Anyway, on that summer’s day in 1967, I was at the beach for one such picnic. As I recall it now, I was just wandering around early in the day, just checking out what was going on, who was there and whatever.
Then I saw him. A young man (though to my 13-year-old eyes he looked old. But he couldn’t have been more than 20) on the sand sitting bare chested and wearing board shorts. Well, was he sitting?  He had no legs you see. He’d been chopped in half, just like the Gold Coast Japanese tourist. I was stuck to the spot, just staring. Sure, it was very rude of me. But I was shocked, and the sight mesmerized me. I just could not get my head around the image that was burning itself into my brain. Still can’t really—and now I’m all grown up.
I wondered, as I stood staring, how did it happen? And I thought, with the simplistic perspective of a naive 13-year-old, how can he live like that? As if in answer to my stupid question to myself, his eyes met mine. He’d caught me staring. Before I could turn away in shame, he lowered his eyes and bowed his head. Deeply ashamed, I walked away, very confused by what I had seen, what I felt.
A bit later that day (the picnic went on all day of course), a mate told me about the bloke with no legs sitting on the sand.
‘Oh yeah, that’s ... ’, my mate said. I forget the name now. And my mate knew what had happened to him as well: Landmine. In Vietnam of course. Seems the legless guy had stepped on one. Also, my mate told me, the poor bastard was an especially invited guest at our picnic.
Now, if I’d asked the organizers why they’d invited him, why he was an ‘honored’ guest, I am sure they would have told me that he was a war hero; he’d paid plenty, sacrificed his legs, for his country. For me and everyone else.
But I never did ask them. And back then, in my immature 13-year-old mind, I thought it was bizarre. It was like he was some kind of prized exhibit, a freak to be shown off. But he wasn’t. He was just some poor kid whose number came up one night in a bloody lottery. They told him to go and fight, so he did. Then he stood on a landmine, got his legs blown off and had his whole life buggered.

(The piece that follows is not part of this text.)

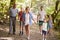 Multi Generation Family Enjoying Walk Along Woodland Path Together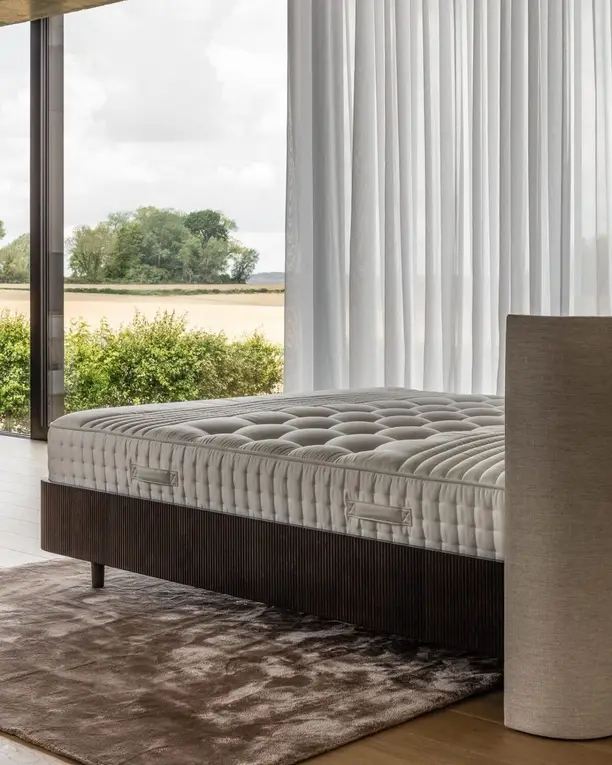 Een getufte matras op een geribbeld notenhouten onderstel in een glazen paviljoen met uitzicht op het land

I wouldn’t say I am a pacifist solely because of that chopped up boy on Balmoral Beach back in ’67. I’ve seen a lot, and learned a lot in the many long years since. Still, as I think of it now, it wasn’t long after that day when I’d turned my eyes from this bloke in shame, that my father came home and I saw what the war had done to him, and then I saw what it did to me and my family. Then later still, I saw that we weren’t alone: the war had really messed up a lot of people, destroyed a lot of lives, ruined families and left a legacy of pain and suffering that is still with us now. No, I guess you could say that the legless guy on that beach simply planted the seed. So he sure played his part.
I thank him for that. And I am sorry I stared; I am sorry that my childish and ignorant behavior forced to you bow your head in what I now know was a sign of your own shame (not that you had any reason for shame of course) and sadness. I see you now, in my mind, sitting on that beach so many years ago. Lest we forget? We always forget the things we ought to remember. But, don’t worry: I’ve never forgotten you.
            This is my strongest beach memory.